Fossil fish were collected at four localities within the Lower Sandwich Bed (an ash-bounded chronostratigraphic layer with an average thickness of about 10 cm) within Fossil Lake, southwestern Wyoming. Two localities were in deeper water, and two were near the lake’s margin in shallower water. The taphonomy of each fish collected (n=243) was graded (on a scale of 1 to 5) for its overall articulation, number of scales present, rib articulation, skull condition and fin condition.
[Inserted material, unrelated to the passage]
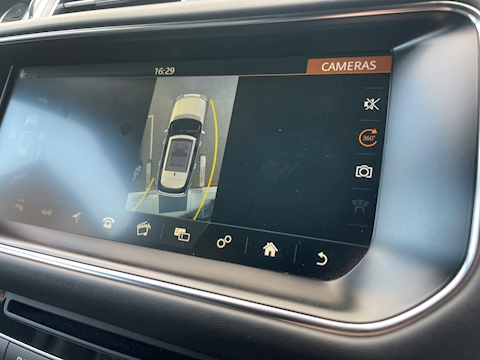 SD V8 Autobiography Overfinch 4.4 5dr SUV Automatic Diesel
Plots were made to discover lateral and vertical taphonomic trends within the Lower Sandwich Bed.

The lateral plots show that higher taphonomic grades (better articulation) occur in deeper water (near the lake center) and in some areas near the lake margin where the Lower Sandwich Bed is thicker, and therefore more rapid deposition was occurring. Areas near the lake margin with average depositional rates, have overall lower taphonomic grades. Vertical plots of overall articulation through the Lower Sandwich Bed show that articulation patterns change lake-wide. For example, at the bottom ash layer, articulation is relatively poor (at all sites). Upward, articulation improves (1 cm above), becomes worse (3 cm above), and then improves again (5 cm above). These trends appear at each site.

Results from experimental work indicate that lateral changes in taphonomy occur mainly because of changes in water depth. In deeper water, decay gases are compressed and are insufficient to float or explode (and disarticulate) fish. Vertical trends in taphonomy might also be explained because of changing water depths. Vertical trends in fish taphonomy might be helpful in determining whether lake depths are stable or changing over time. From the vertical trends found in this study, it appears lake levels were fluctuating during Lower Sandwich Bed time. Lake level fluctuations might help establish seasonal depositional patterns and long term trends in lake history.